◆ **Your assignment**:
Within the entries below, please return exactly the lines from the one with "Gereedschapswagen Zwart 65" through the one with "Hart‎ Schaffner Marx", leaving out any pictures.

-- Extracted entries follows --

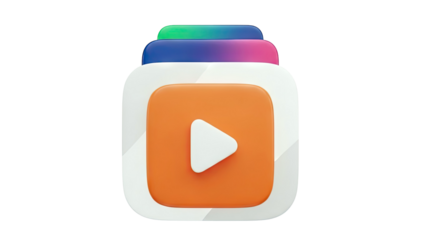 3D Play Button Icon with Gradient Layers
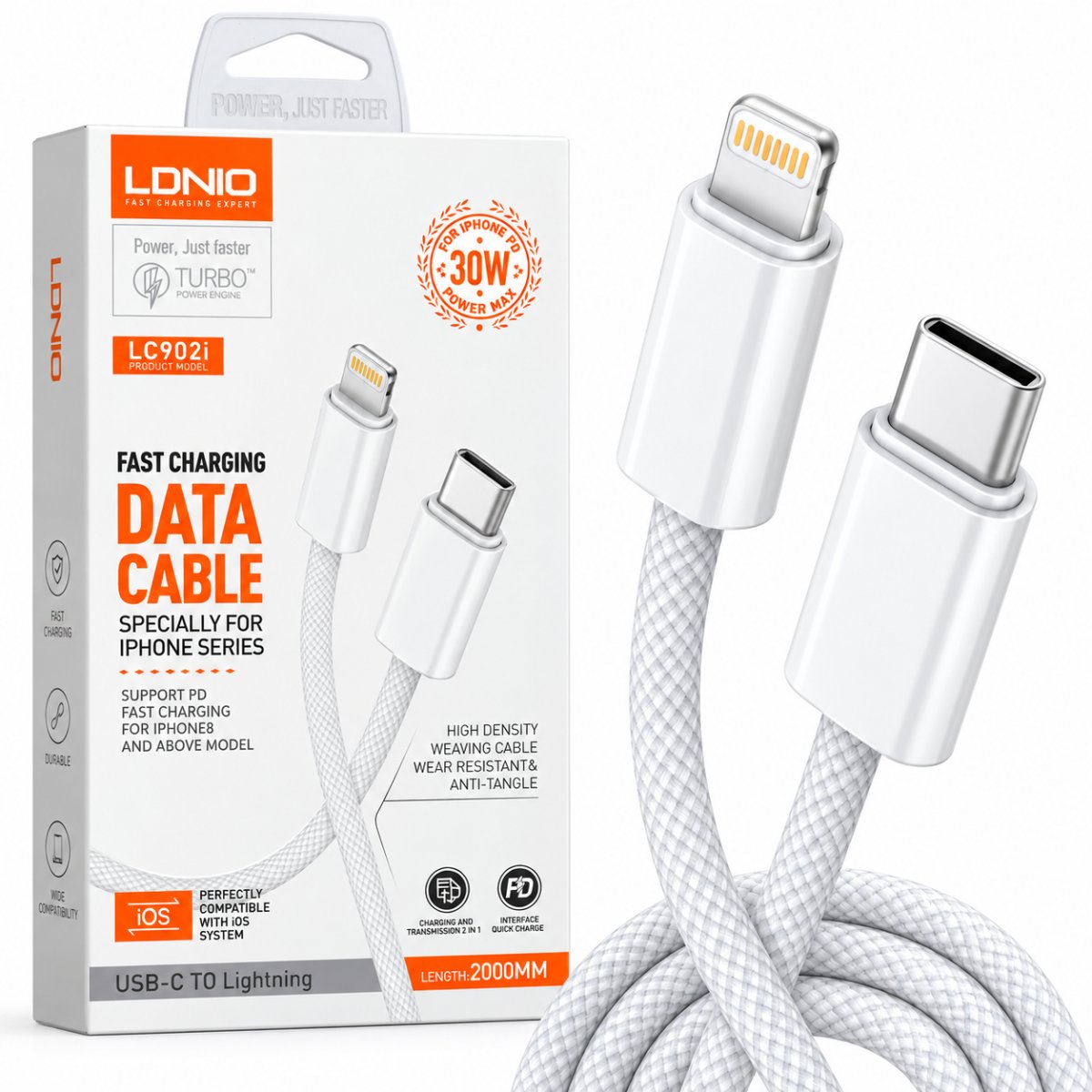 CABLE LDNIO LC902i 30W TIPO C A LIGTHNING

-- Extracted entries concluded --
-- Extracted entries follows --

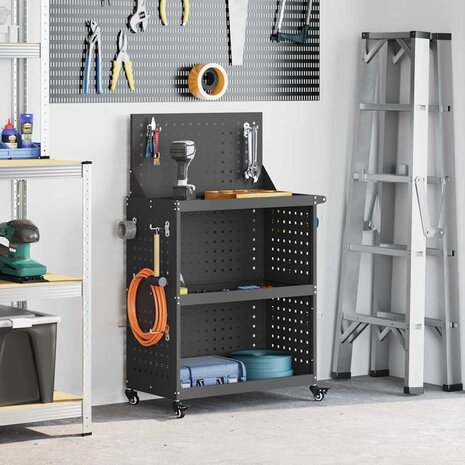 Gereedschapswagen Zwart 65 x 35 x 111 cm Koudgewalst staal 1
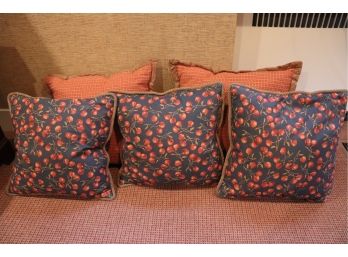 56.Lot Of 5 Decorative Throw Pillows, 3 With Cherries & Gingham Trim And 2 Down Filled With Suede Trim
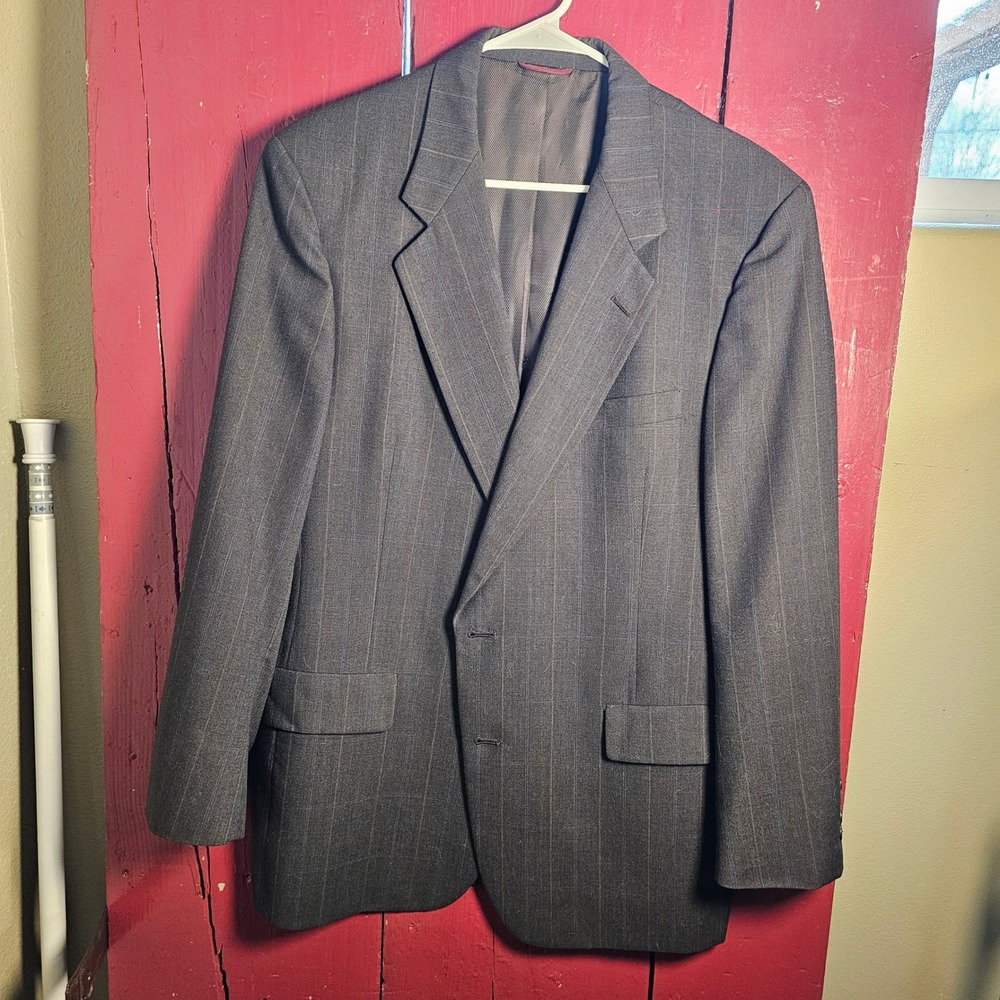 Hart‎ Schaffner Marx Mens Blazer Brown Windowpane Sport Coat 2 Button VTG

-- Extracted entries concluded --

◆ **Response for this exercise**:
 Gereedschapswagen Zwart 65 x 35 x 111 cm Koudgewalst staal 1
 56.Lot Of 5 Decorative Throw Pillows, 3 With Cherries & Gingham Trim And 2 Down Filled With Suede Trim
 Hart‎ Schaffner Marx Mens Blazer Brown Windowpane Sport Coat 2 Button VTG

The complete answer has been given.